→ WORK TO BE COMPLETED: The goal is a clean copy of all the data below, with pictures dropped and everything else retyped exactly.

→ DATA UNDER STUDY:
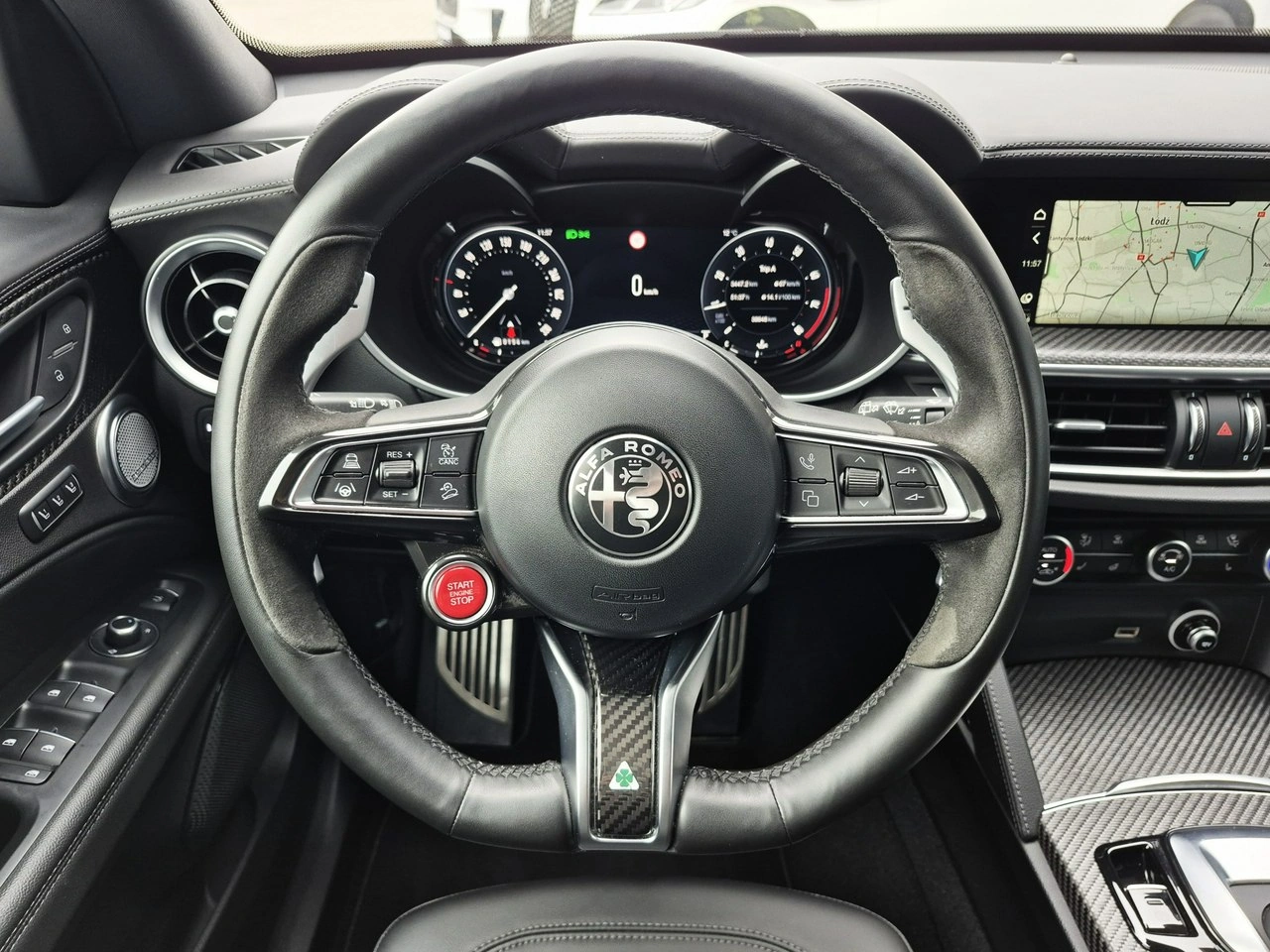 Alfa Romeo Stelvio - Zdjęcie 32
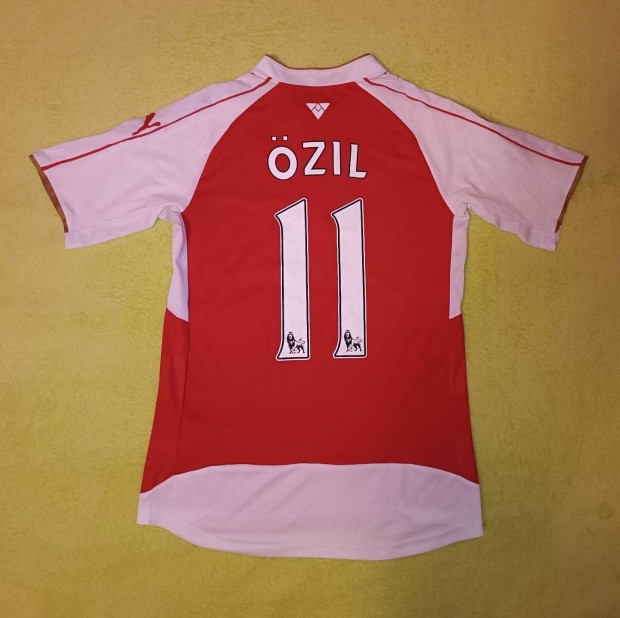 Kb j S-es puma Mesut zil Arsenal (2015/16) hazai mez 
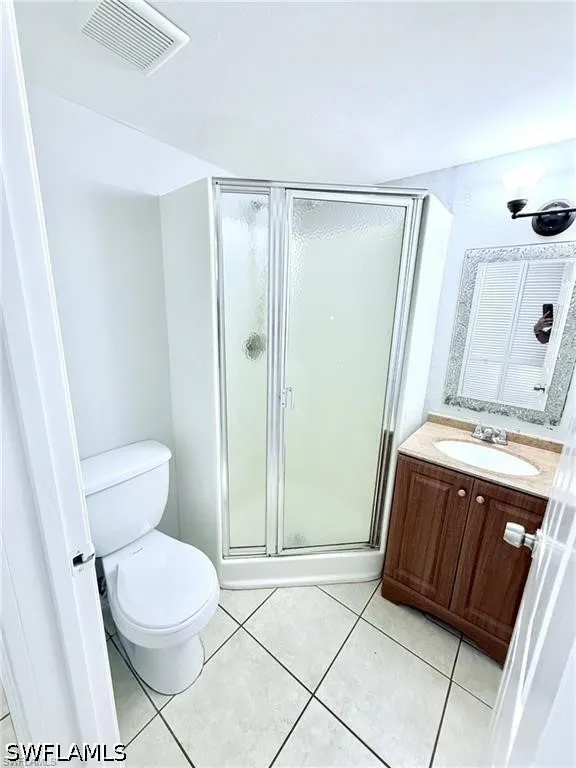 Green Valley Circle #802 Naples, FL 34104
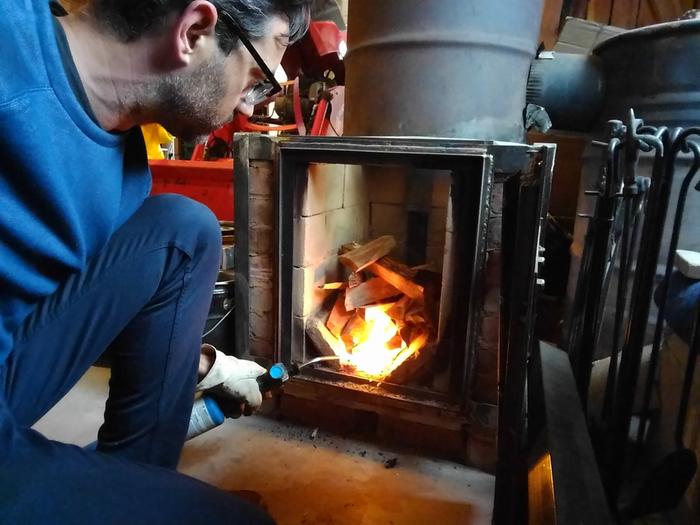 Starting the fire with a warm chimney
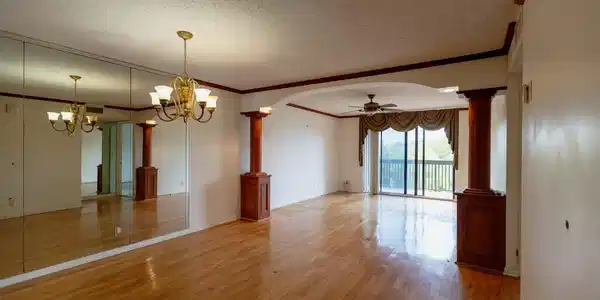Image 3: lr
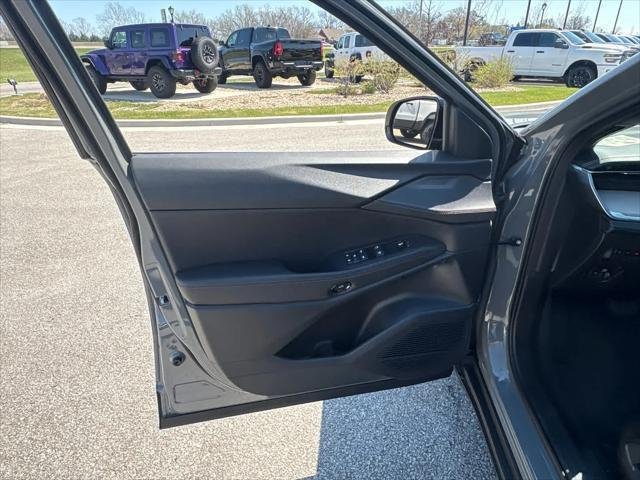 New 2026 Sting-Gray Clear-Coat Exterior Paint Jeep Limited image 18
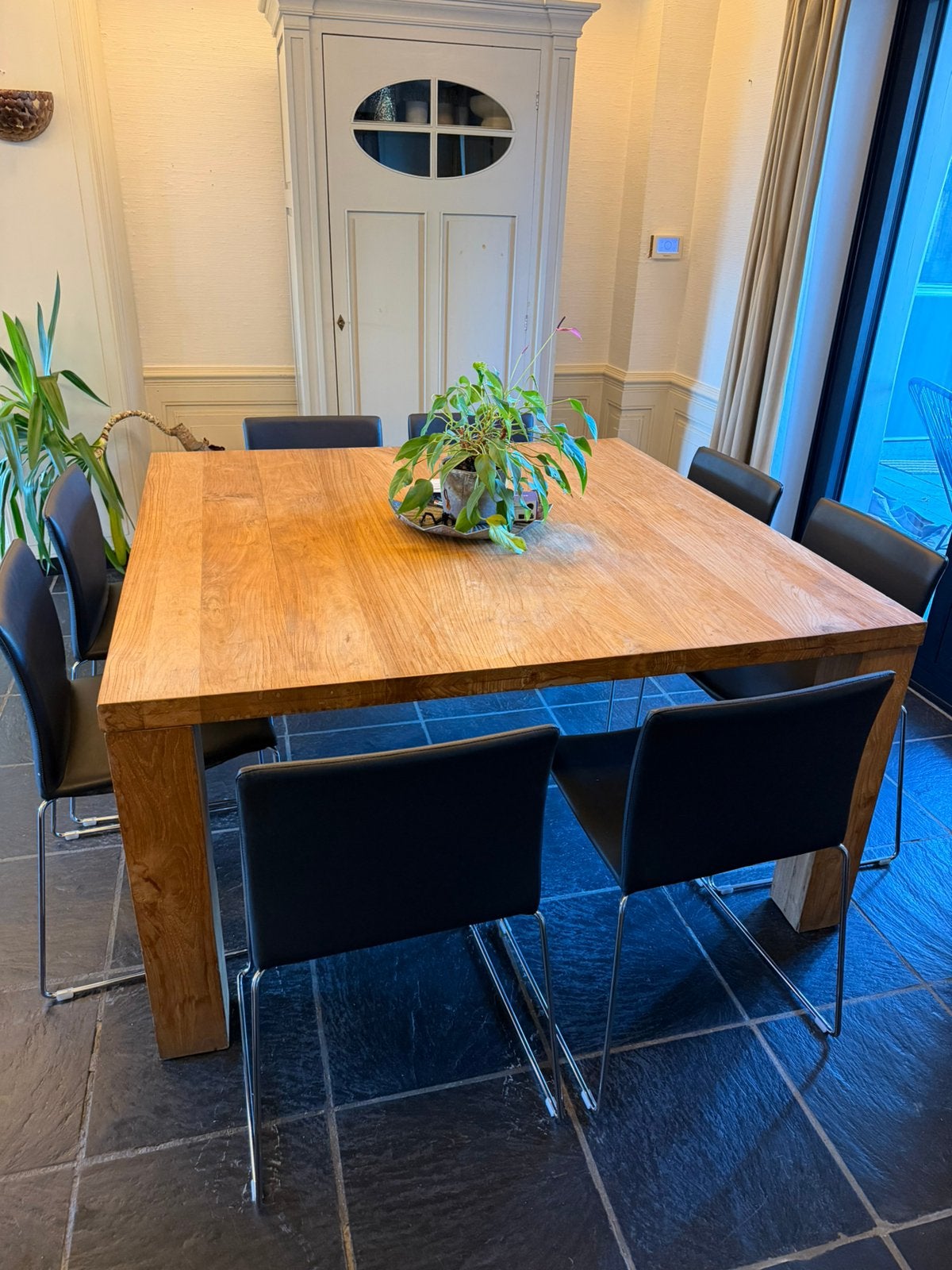 Houten tafel met 8 stoelen, 100 à 150 cm, Cinq personnes ou plus, Carré, 100 à 150 cm
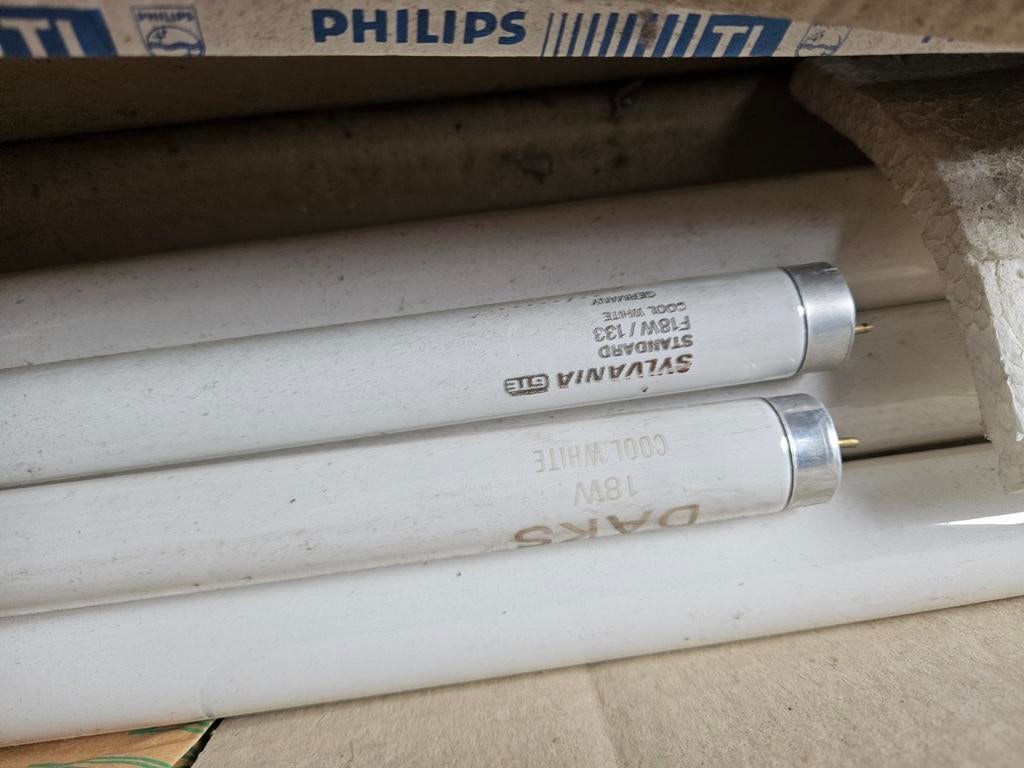 Sylvania en DAKS TL-buizen - 18W Cool White  met houder, Huis en Inrichting, Ophalen of Verzenden, Gebruikt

→ ANSWER SPACE:
 Alfa Romeo Stelvio - Zdjęcie 32
 Kb j S-es puma Mesut zil Arsenal (2015/16) hazai mez 
 Green Valley Circle #802 Naples, FL 34104
 Starting the fire with a warm chimney
Image 3: lr
 New 2026 Sting-Gray Clear-Coat Exterior Paint Jeep Limited image 18
 Houten tafel met 8 stoelen, 100 à 150 cm, Cinq personnes ou plus, Carré, 100 à 150 cm
 Sylvania en DAKS TL-buizen - 18W Cool White  met houder, Huis en Inrichting, Ophalen of Verzenden, Gebruikt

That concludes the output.